Mr. Schorr accused Diane Ravitch of positing a “silly” question” when she asks (actually she asks three questions):

“What is KIPP really trying to prove? Do they want the world to believe that poverty, homelessness, disabilities, extreme family circumstances, squalid living conditions have no effect on children’s readiness to learn? Doesn’t KIPP imply that schools can achieve 100% proficiency if they act like KIPP?”

Mr. Schorr describes these queries as “silly” because, he says, “Nobody at KIPP – indeed, nobody I know at all – believes poverty doesn’t matter.”   However, looking closely at his response explaining how “poverty” does “matter,” we see that in fact, in his mind poverty does not  matter, not in the way Ravitch means it (the obvious way, to anyone who gives her comments a fair reading!).  For Schorr (and, presumably, KIPP management), poverty matters because it creates the challenging personal qualities in KIPP students.  The students are hungry, traumatized, etc., all of which combine to make up “the realities of [poor] kids’ lives” that KIPP tries to address in a variety of instructional and ancillary service ways.  Give KIPP credit, Schorr urges, for responding in its “forthright and humble” ways to the “the difficulty of the challenge” of the personal qualities of poor children.

Let’s give Schorr credit for having a good heart, that is, I assume (& I’m saying this without cynicism) that he is genuinely concerned about the education and futures of poor kids.  However, in his concern, he echoes the “no excuses” mantra, that is, the insistence that poverty is no excuse for poor students’ educational failure.   Poor students can  go to school with the challenging personal qualities poverty creates, but in the right schools – “no excuses” schools — they will succeed.   Poverty can exist and continue to exist because “no excuses” schools like KIPP address and enable students to overcome poverty’s effects.  KIPP requires no national economic and social changes, no redistribution of wealth, etc. 

Ravitch’s point, which was obvious in the commentary to which Schorr replied, is that it is poverty itself that national policy must address directly.   When Ravitch asks, “What is KIPP trying to prove?,” she is asking, is KIPP trying to prove that in responding to the consequences of poverty there is not the foremost educational need to pursue the elimination (or at least a dramatic reduction) of the conditions of poverty?  Why does Mr. Schorr wholly contort and dismiss Ravitch’s point? 

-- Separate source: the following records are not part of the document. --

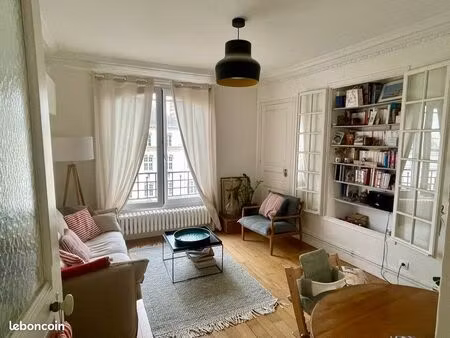 vends charmant 3 pièces - 54m² - belleville (paris 20)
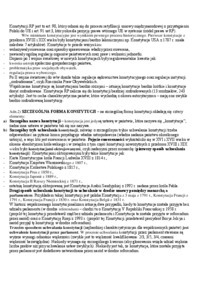 Prawo konstytucyjne - wykład - moc prawna konstytucji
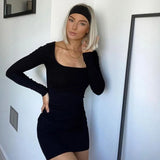 Taooba Truly Basic Mini Bodycon Dress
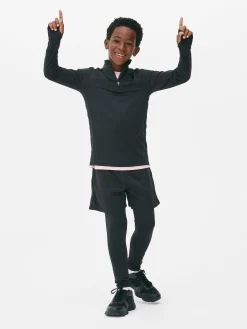 Sweat-shirt à Col Zippé Performance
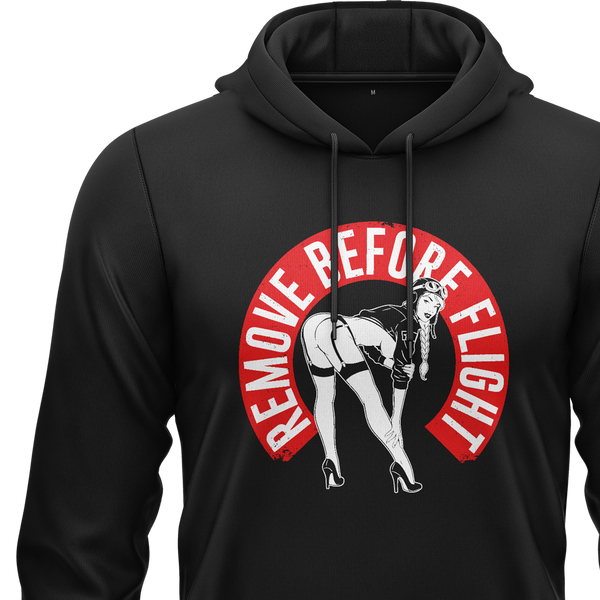 Remove Before Flight Girl Hoodie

Schorr is perplexed by Ravitch’s obdurate criticism of KIPP and appeals to her, explaining that KIPP is just “trying to build superb schools that give the kids who attend them terrific choices in life.”  Why Schorr wonders aloud, does “Dr. Ravitch finds that so disturbing?”  I wonder why is Mr. Schorr not paying more attention to the independent research on KIPP and other charters, and why did he completely misinterpret Ravitch’s very critical points about poverty?